Records from a dataset
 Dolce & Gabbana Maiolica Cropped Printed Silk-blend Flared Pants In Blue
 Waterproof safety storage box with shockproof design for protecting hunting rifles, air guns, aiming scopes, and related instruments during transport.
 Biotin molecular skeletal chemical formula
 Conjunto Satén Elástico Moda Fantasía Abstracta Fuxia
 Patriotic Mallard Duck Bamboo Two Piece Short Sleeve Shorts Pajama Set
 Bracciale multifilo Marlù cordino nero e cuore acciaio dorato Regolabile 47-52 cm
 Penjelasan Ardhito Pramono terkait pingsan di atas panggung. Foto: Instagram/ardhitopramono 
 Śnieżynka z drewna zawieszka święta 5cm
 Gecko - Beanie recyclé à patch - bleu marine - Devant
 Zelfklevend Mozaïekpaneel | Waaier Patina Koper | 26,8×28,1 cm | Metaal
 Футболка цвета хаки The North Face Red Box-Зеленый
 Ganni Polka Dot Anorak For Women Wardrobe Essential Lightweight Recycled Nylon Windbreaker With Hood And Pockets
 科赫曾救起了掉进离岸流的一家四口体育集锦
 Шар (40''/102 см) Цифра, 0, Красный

• Assignment:
Word for word, set down the lines from the beginning of the records through the line that holds "Patriotic Mallard Duck". Leave out the rest.

• Solution for this problem:
 Dolce & Gabbana Maiolica Cropped Printed Silk-blend Flared Pants In Blue
 Waterproof safety storage box with shockproof design for protecting hunting rifles, air guns, aiming scopes, and related instruments during transport.
 Biotin molecular skeletal chemical formula
 Conjunto Satén Elástico Moda Fantasía Abstracta Fuxia
 Patriotic Mallard Duck Bamboo Two Piece Short Sleeve Shorts Pajama Set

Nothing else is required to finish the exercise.